# Non AR camo coyote rifle?



## Copper15 (Oct 17, 2012)

I'm look into getting my first larger varmint rifle (I have a HMR already) in the $600-700 range. I'm not a fan of the AR style and would like a full camo one (stock, berrel, action, and scope. I was suggested a Savage Axis but didn't see them in camo. I do love the accutrigger my Savage hmr has. I'm on the fence between 22-250 and 223:gaga::help:.

Suggestions?


----------



## Luv2hunteup (Mar 22, 2003)

See if you can find a used Savage 112BT in 223. It's not camo but will shoot one hole groups at 100 yards. You can always get it dipped with the camo pattern of your choice. 

It comes with an Anschutz accessory rail for a bipod or palm rest.


----------



## Big_Jim (Jul 26, 2000)

http://www.gandermountain.com/modpe...-Predator-Centerfire-Rifle-Package&i=GM447619


----------



## Nitro225Optimax (Feb 13, 2011)

Just a touch more in the budget...but look at a turn key package: Howa 1500 Axiom or Varminter. 

Go to gunbroker.com and search Howa camo, a few rifles will come up. They're available in a variety of calibers from .223 to .22-250 and so forth. 

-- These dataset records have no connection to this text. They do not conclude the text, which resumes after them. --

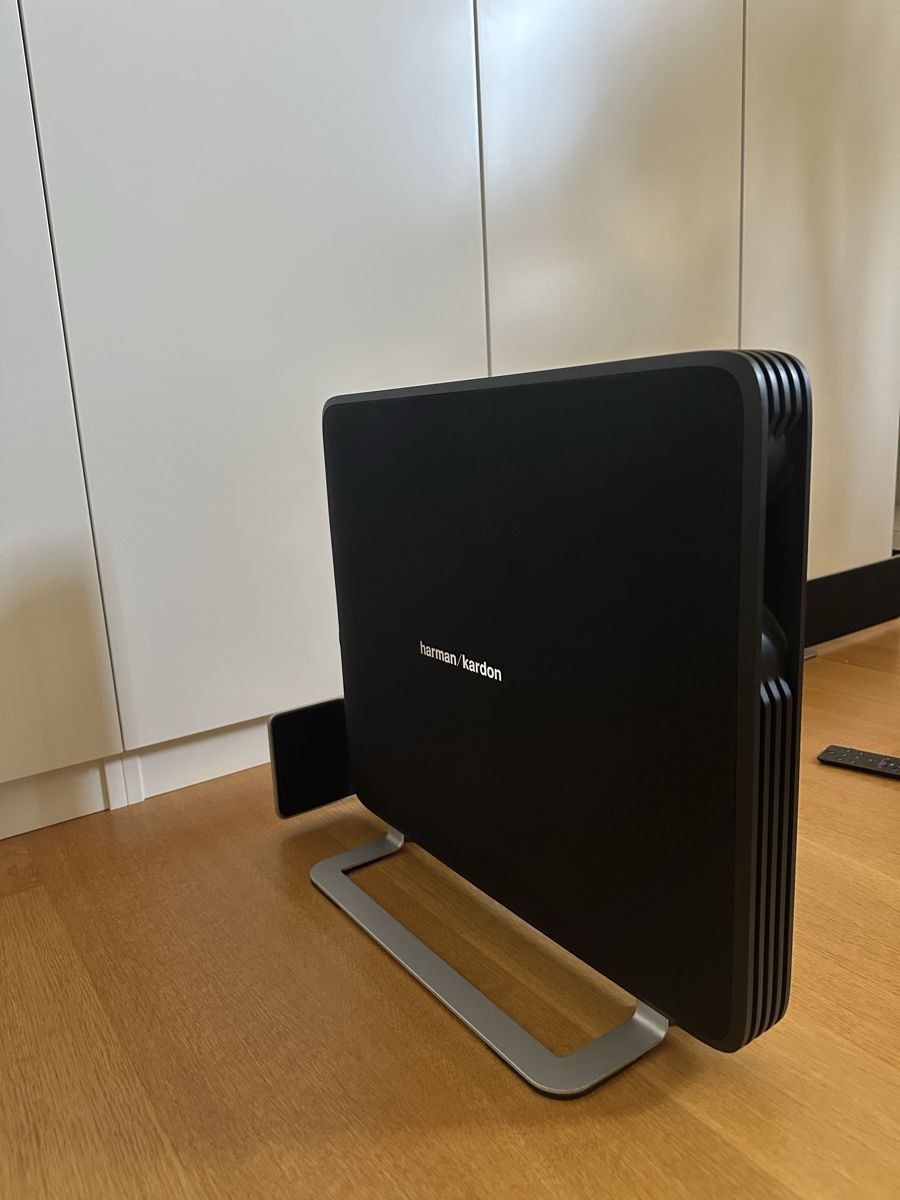 Harman-Kardon Home Cinema: Harman Kardon Sabre SB35 – Usato da Zürich venduto da Baffnit 4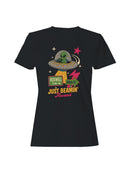 Alien Adventure: Just Beamin' Around Women's T-shirt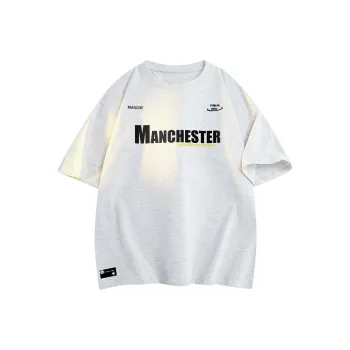 Manchester City F.C. T Shirt Unisex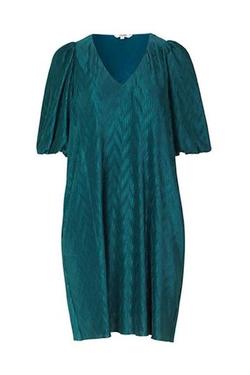 MBYM GREEN JESSYCA DOTTIE DRESS Grønn - Mbym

I'm on a work PC, otherwise I would google and link some info for you.


----------



## Nitro225Optimax (Feb 13, 2011)

Oh, one last thing, don't let a gun not being camo discourage you. You can buy just about any rifle and have the action, barrel, stock, and scope dipped for ~$200-250, little cheaper if you disassemble the rifle yourself. Just some food for thought if you did like the Savages.


----------



## Swamp Monster (Jan 11, 2002)

Unless your going out west, I would not buy a dedicated "varmint rifle" By dedicated, I mean a 10# heavy barrel beast. You'll do more walking in Michigan...shorter distances but more often. You'll be hunting tight cover in a lot of cases and having a rife that is fast to battery in multiple directions is a big benefit. Unless you go the custom route for your varmint gun, todays sporter weight rifles are just as field accurate as their HB brothers, at least at distances you're likely to encounter in most of Michigan. Now, if you're going to be parked on a field edge in the spring looking for Woodchucks, a heavy rifle would be nice but if most of your time will be spent chasing yotes, I'd seriously consider a sporter weight rifle.


----------



## Copper15 (Oct 17, 2012)

Swamp Monster said:


> Unless your going out west, I would not buy a dedicated "varmint rifle" By dedicated, I mean a 10# heavy barrel beast. You'll do more walking in Michigan...shorter distances but more often. You'll be hunting tight cover in a lot of cases and having a rife that is fast to battery in multiple directions is a big benefit. Unless you go the custom route for your varmint gun, todays sporter weight rifles are just as field accurate as their HB brothers, at least at distances you're likely to encounter in most of Michigan. Now, if you're going to be parked on a field edge in the spring looking for Woodchucks, a heavy rifle would be nice but if most of your time will be spent chasing yotes, I'd seriously consider a sporter weight rifle.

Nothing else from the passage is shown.